- Description of the task
Wherever a picture appears in the listing below, leave it out and reproduce the rest exactly.

= Beginning of Section =

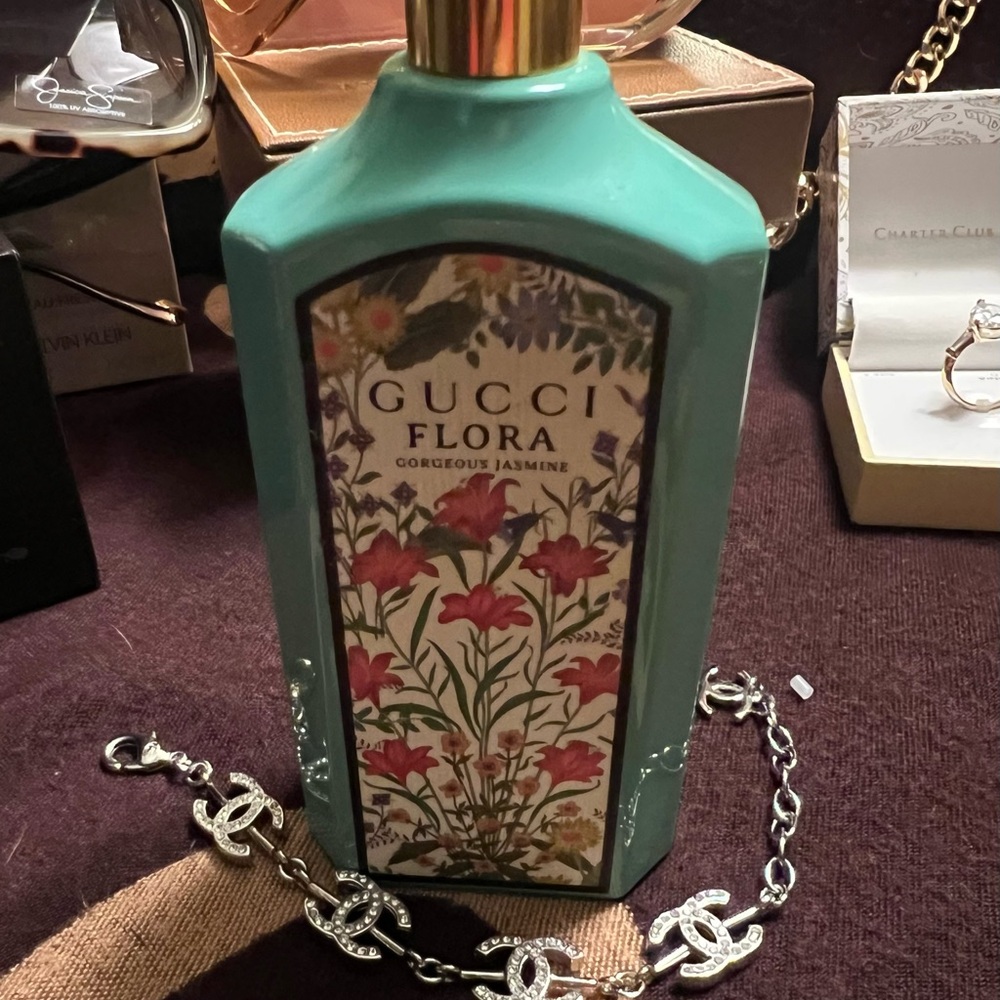 Gucci floral decorative bottle in aqua and gold accents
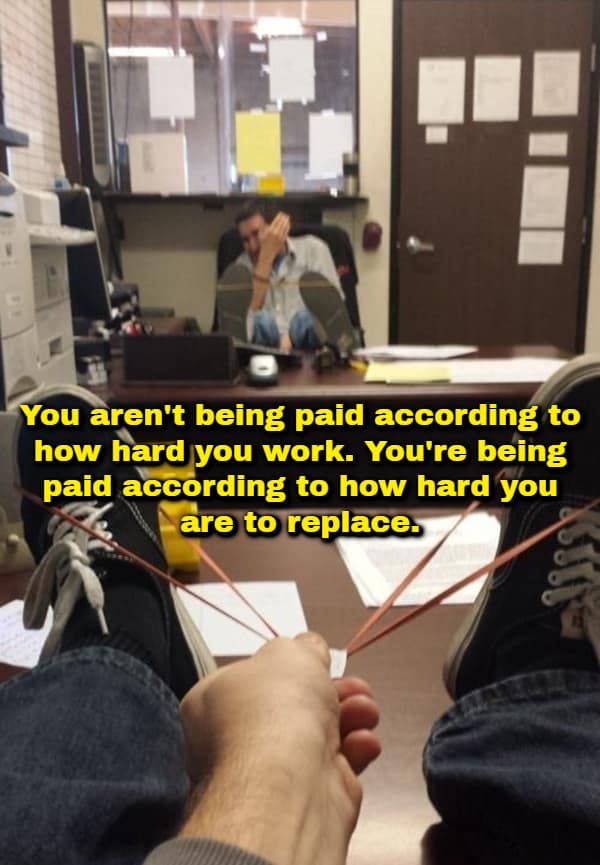 A funny shower thought post from a first-person perspective of an office worker using rubber bands stretched between their shoes to aim a paper-wad slingshot at a coworker sitting across the room, overlaid with text stating: "You aren't being paid according to how hard you work. You're being paid according to how hard you are to replace."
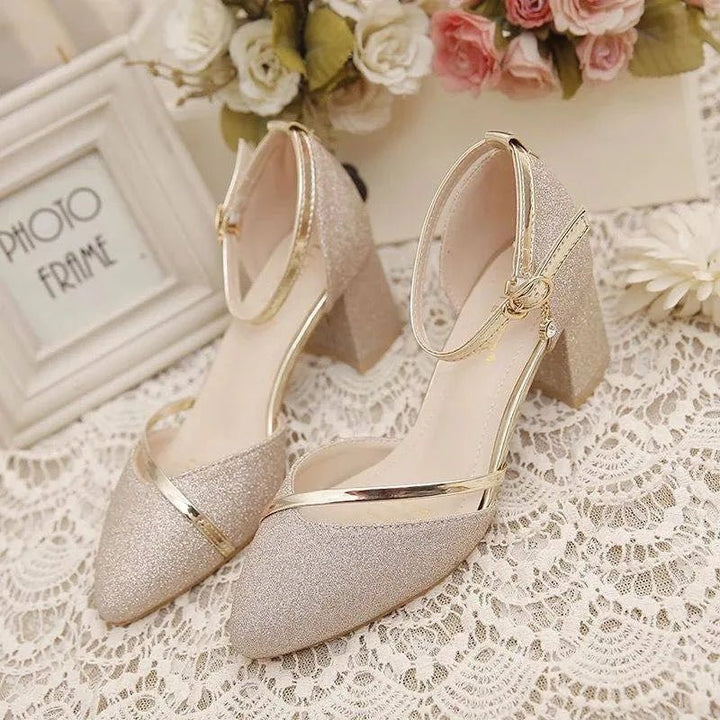 Stylish women's ankle strap block heel pumps. Modern ladies fashion heels offering comfort & elegance.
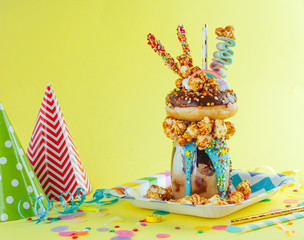 Freak shake on the party table with blank space for text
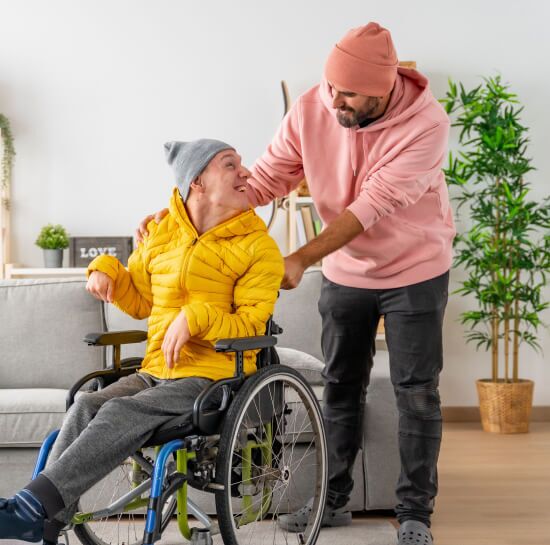 Woman in a wheelchair talking to caregiver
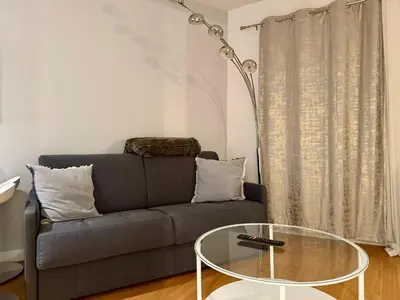 Coin salon dans l'établissement Le charme parisien au cœur de Montmartre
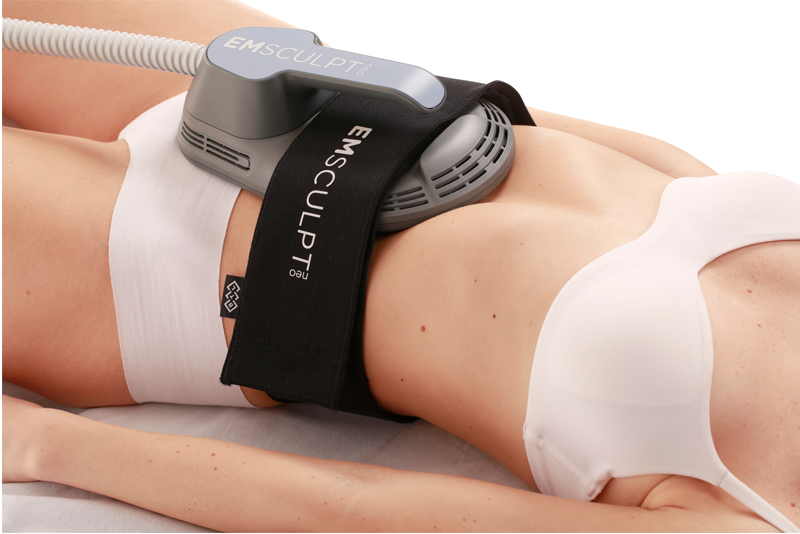 A person undergoing a non-invasive body sculpting treatment with an EmSculpt NEO device applied to their abdomen.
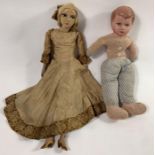 A c.1920's boudoir doll with moulded and painted f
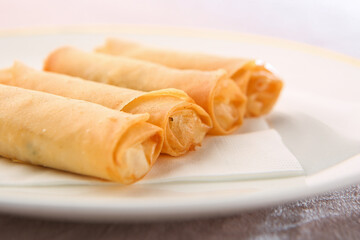 A bright background and four spring rolls on a white plate 밝은색 배경 그리고 흰색 접시에 담겨져 있는 춘권 4개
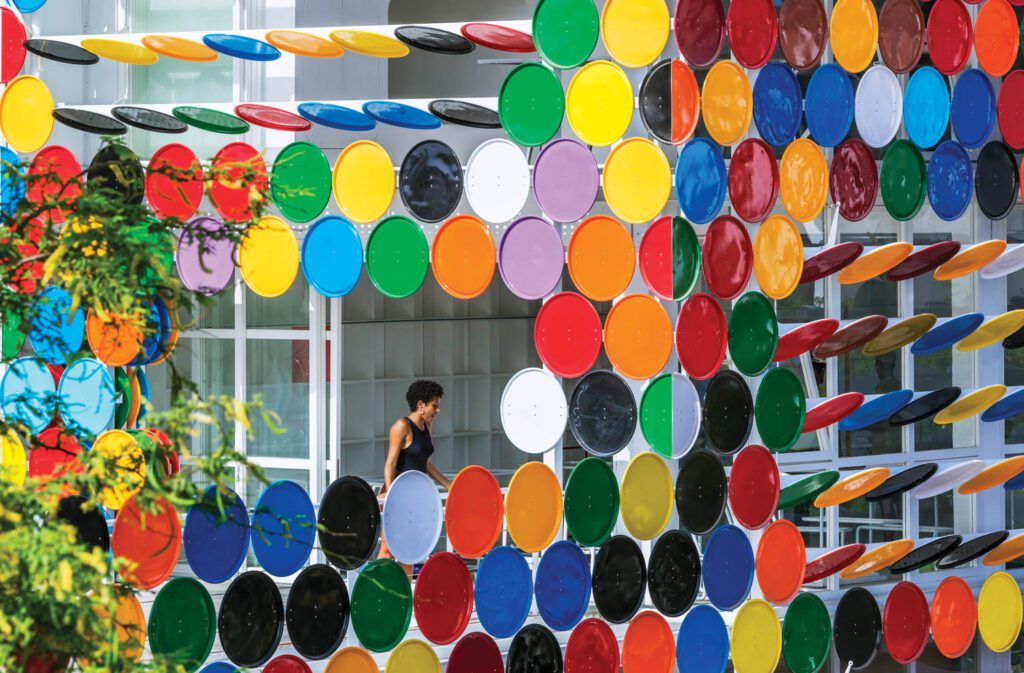 A rainbow assortment of painted steel lids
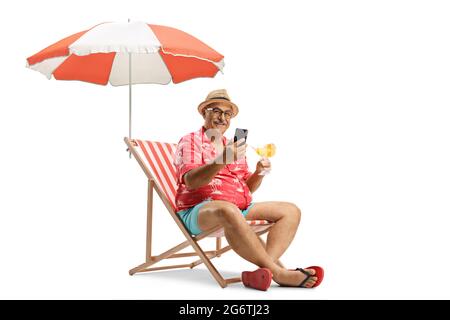 Reifer Mann mit einem Cocktail und einem Mobiltelefon auf einem Strandstuhl unter einem Sonnenschirm auf weißem Hintergrund isoliert sitzen Stockfoto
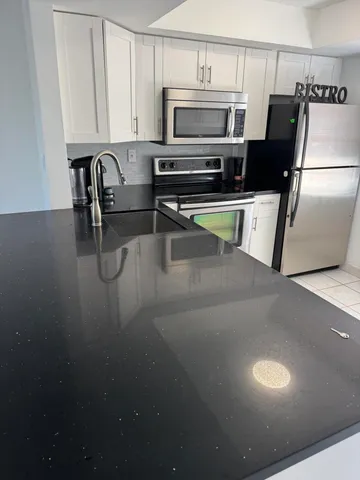 a kitchen with stainless steel appliances a stove a refrigerator a microwave a sink and cabinets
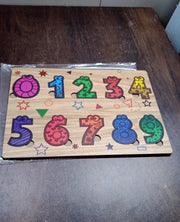 Detailed close-up of the smooth, child-safe wooden number puzzle pieces.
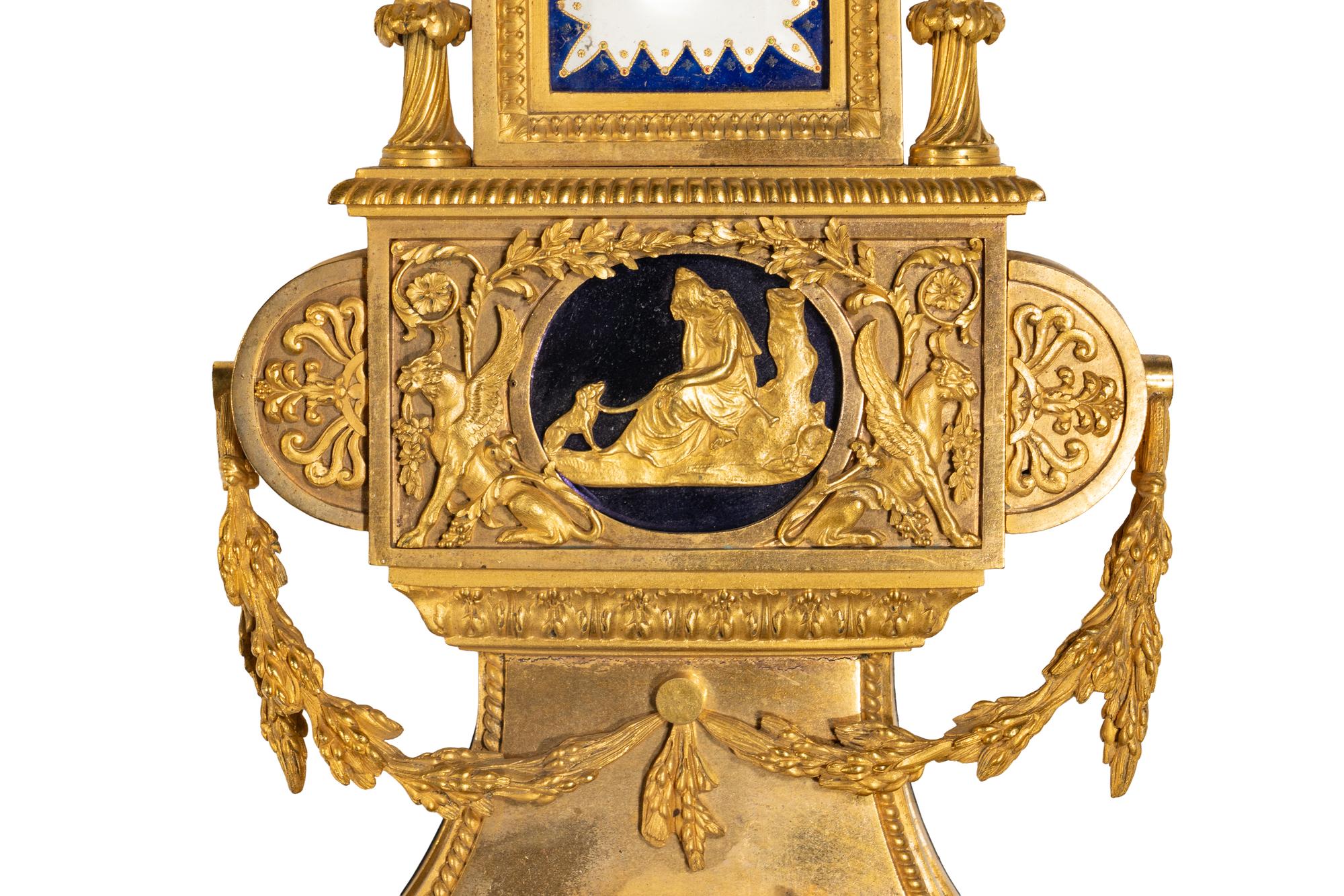 A French Gilt Bronze, Blue Steel, and Enamel Cartel d'Applique and Barometer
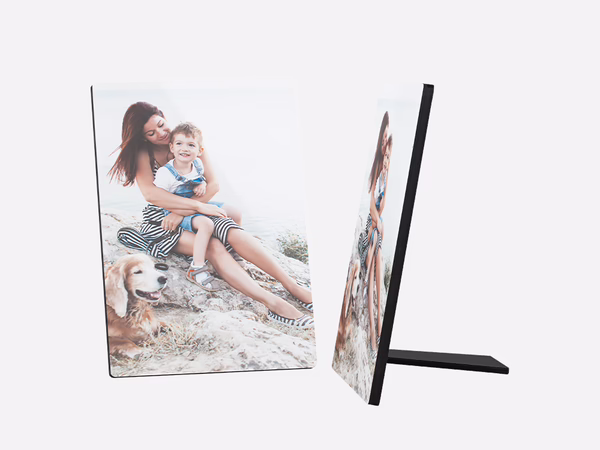 Ein Fotoaufsteller zeigt ein schönes Bild von einer jungen Frau, einem kleinen Kind und einem goldenen Retriever-Hund. Die Frau hat lange, braune Haare und trägt ein gemustertes Top und einen Rock. 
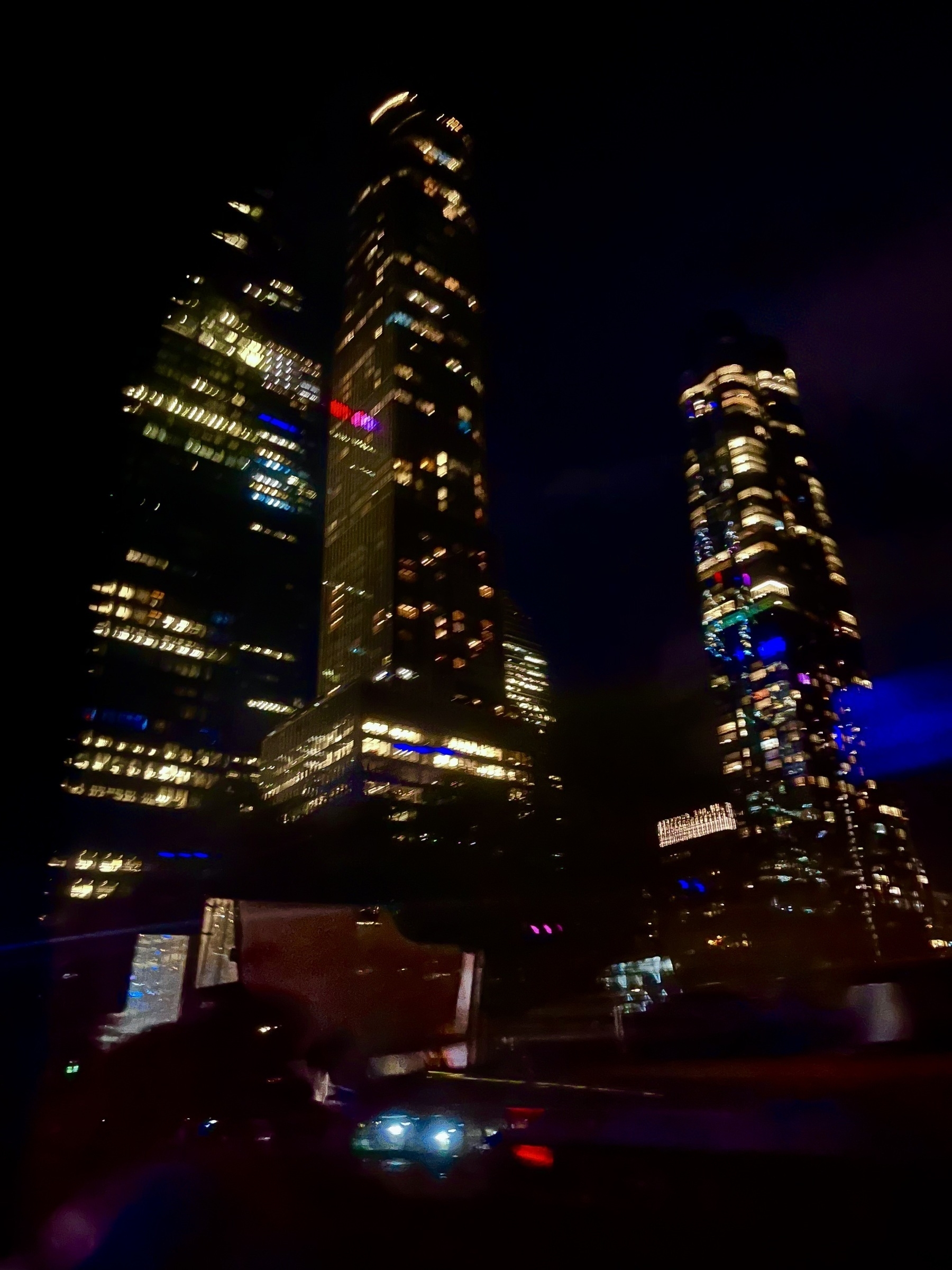 A night show of glowing New York City skyscrapers 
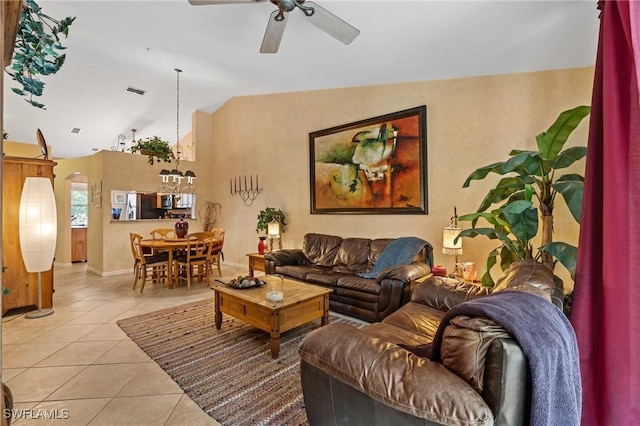 tiled living area with a ceiling fan, vaulted ceiling, and baseboards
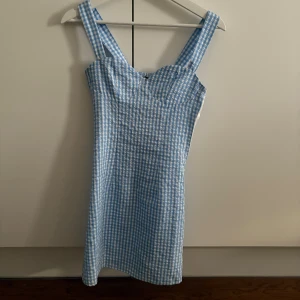 Blåvit klänning - Supersöt blåvit rutig klänning från H&M med breda axelband och smockad rygg. Klänningen är kort och har en figurnära passform med hjärtformad urringning. Passar både till vardags eller fest🦋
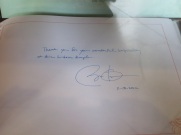 You may recall that President Obama visited here last fall. Photos and other memorabilia from that visit, like this autograph in the visitors' book, are on prominent display.
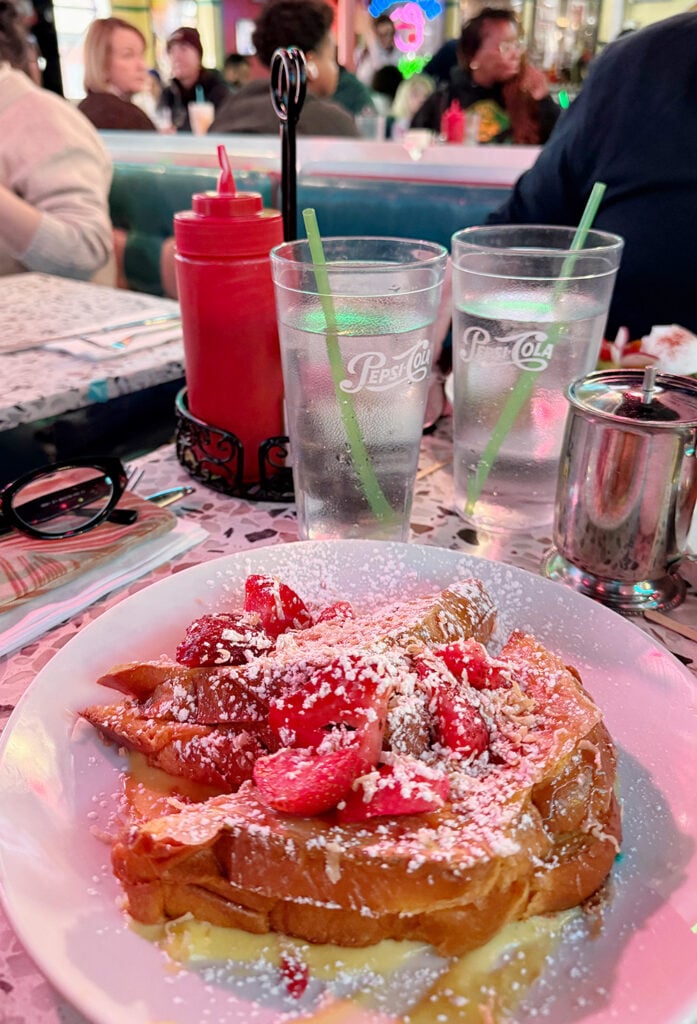 My plate of strawberry waffles dusted in sugar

= End of Section =

- Task output
 Gucci floral decorative bottle in aqua and gold accents
 A funny shower thought post from a first-person perspective of an office worker using rubber bands stretched between their shoes to aim a paper-wad slingshot at a coworker sitting across the room, overlaid with text stating: "You aren't being paid according to how hard you work. You're being paid according to how hard you are to replace."
 Stylish women's ankle strap block heel pumps. Modern ladies fashion heels offering comfort & elegance.
 Freak shake on the party table with blank space for text
 Woman in a wheelchair talking to caregiver
 Coin salon dans l'établissement Le charme parisien au cœur de Montmartre
 A person undergoing a non-invasive body sculpting treatment with an EmSculpt NEO device applied to their abdomen.
 A c.1920's boudoir doll with moulded and painted f
 A bright background and four spring rolls on a white plate 밝은색 배경 그리고 흰색 접시에 담겨져 있는 춘권 4개
 A rainbow assortment of painted steel lids
 Reifer Mann mit einem Cocktail und einem Mobiltelefon auf einem Strandstuhl unter einem Sonnenschirm auf weißem Hintergrund isoliert sitzen Stockfoto
 a kitchen with stainless steel appliances a stove a refrigerator a microwave a sink and cabinets
 Detailed close-up of the smooth, child-safe wooden number puzzle pieces.
 A French Gilt Bronze, Blue Steel, and Enamel Cartel d'Applique and Barometer
 Ein Fotoaufsteller zeigt ein schönes Bild von einer jungen Frau, einem kleinen Kind und einem goldenen Retriever-Hund. Die Frau hat lange, braune Haare und trägt ein gemustertes Top und einen Rock. 
 A night show of glowing New York City skyscrapers 
 tiled living area with a ceiling fan, vaulted ceiling, and baseboards
 Blåvit klänning - Supersöt blåvit rutig klänning från H&M med breda axelband och smockad rygg. Klänningen är kort och har en figurnära passform med hjärtformad urringning. Passar både till vardags eller fest🦋
 You may recall that President Obama visited here last fall. Photos and other memorabilia from that visit, like this autograph in the visitors' book, are on prominent display.
 My plate of strawberry waffles dusted in sugar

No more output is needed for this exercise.